> _Your assignment_: Each line, starting at the one with "17649005731898084P2u.png 17649005731898084P2u.png" and running to the end of the data below, is to be set down again exactly, both ends included; leave pictures out.

___ Listed entries ___

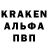 Кодеиновый сироп Lean Purple Drank Semra McCrann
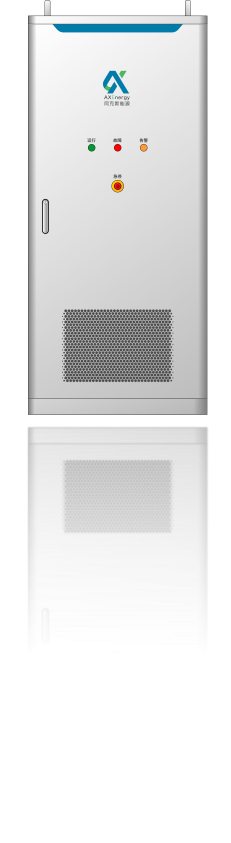 17649005731898084P2u.png 17649005731898084P2u.png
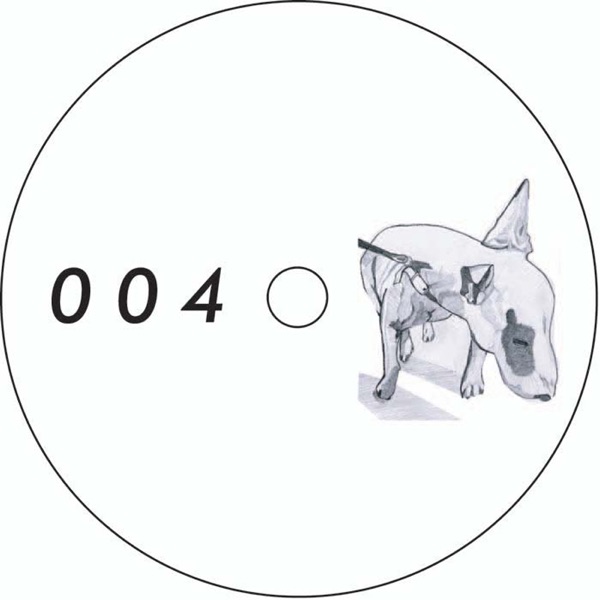 HOW Project Feat. John Vick - Single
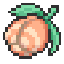 Pokemon Berry by Pokemon Personalities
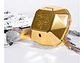 Estuche Lady Million 80 ML + Bl 100 ML + Mini 10 ML Paco Rabanne EDP (M) - Miniatura 3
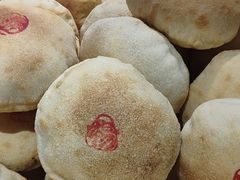 -杨老大焙子月饼干货(宽巷子民族美食街店)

___

> _Result for this task_:
 17649005731898084P2u.png 17649005731898084P2u.png
 HOW Project Feat. John Vick - Single
 Pokemon Berry by Pokemon Personalities
 Estuche Lady Million 80 ML + Bl 100 ML + Mini 10 ML Paco Rabanne EDP (M) - Miniatura 3
 -杨老大焙子月饼干货(宽巷子民族美食街店)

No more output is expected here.